Right now, there are all these art forms, all these different kinds of ways of presenting that it really pops out at you — the colors, the different scenes, the way of presenting something from a different angle, like as if you’re looking from the floor up sometimes or the ceiling view.
The creativity of this book for young people is cutting-edge. It’s right up there with what is being done in the secular world.
You even include expert “witnesses” in art and words, so to speak, like Sts. Thomas Aquinas, Teresa of Ávila, Andre Bessette, Pius X and John Paul II, with their exceptional thoughts about St. Joseph. Why did you decide to add this?
For Consecration to St. Joseph, I did so much research, gathering quotes from saints and popes, that I thought it would be kind of lacking if I didn’t include this somehow in the book. So I thought, “We can have Sam draw them. I’ll supply the quotes, and we’ll get all of these great things from these great people in there.”
And it’s all scene-based: If I’m talking about the age of St. Joseph, I’ll have quotes from a particular saint on that topic.
If we’re talking about the heart of Joseph or if we’re talking about his purity, I have some great quotes from other saints.
So it really works well, as you said, to back up what I’m teaching to this family. You’ve got saints affirming it.

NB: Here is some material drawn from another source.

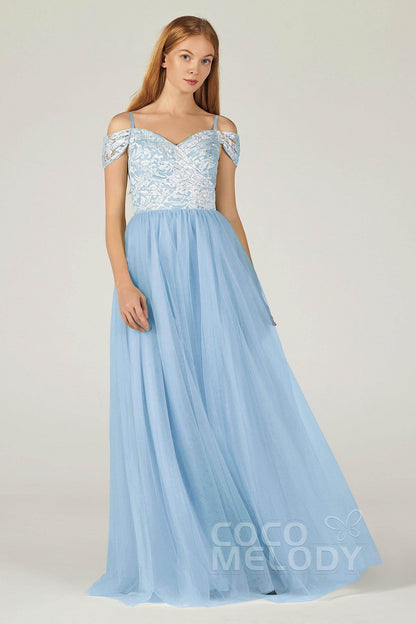 A-Line Floor Length Tulle Lace Bridesmaid Dress CB0384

In several memorable scenes, you have such a friendly, personal way of enlightening the family when they ask you about devotions to St. Joseph or what your favorite titles for him are. Why did you add those?
I wanted to add those because you want it to be a book that is not just read, but people will read it and maybe they are going to start up a new devotion.
Maybe they’re going to be inspired by that: “Maybe I can honor St. Joseph on Wednesday”; “maybe I could start to pray the Litany of St. Joseph on a regular basis.” So there’s the swing, and the follow through, and knock the ball out of the park with the book, to get people, especially young people, to have a devotion to him.
Why did you decide to include appearances by St. Joseph in later centuries?
I think young children are going to be fascinated by that.
They’re intrigued by those kinds of things, and that’s going to pique their interest.
All the spiritual insights should certainly inspire readers to greater devotion to St. Joseph. Do you see this book as leading readers to the Consecration to St. Joseph?
Absolutely. At the end, in the book, I actually have myself in the cartoon way letting the family know, and meaning every reader, about how they can do the other consecration programs, the regular one and the one for families and children: the regular one in Consecration to St. Joseph and the one for families and children in Consecration to St. Joseph for Children and Families.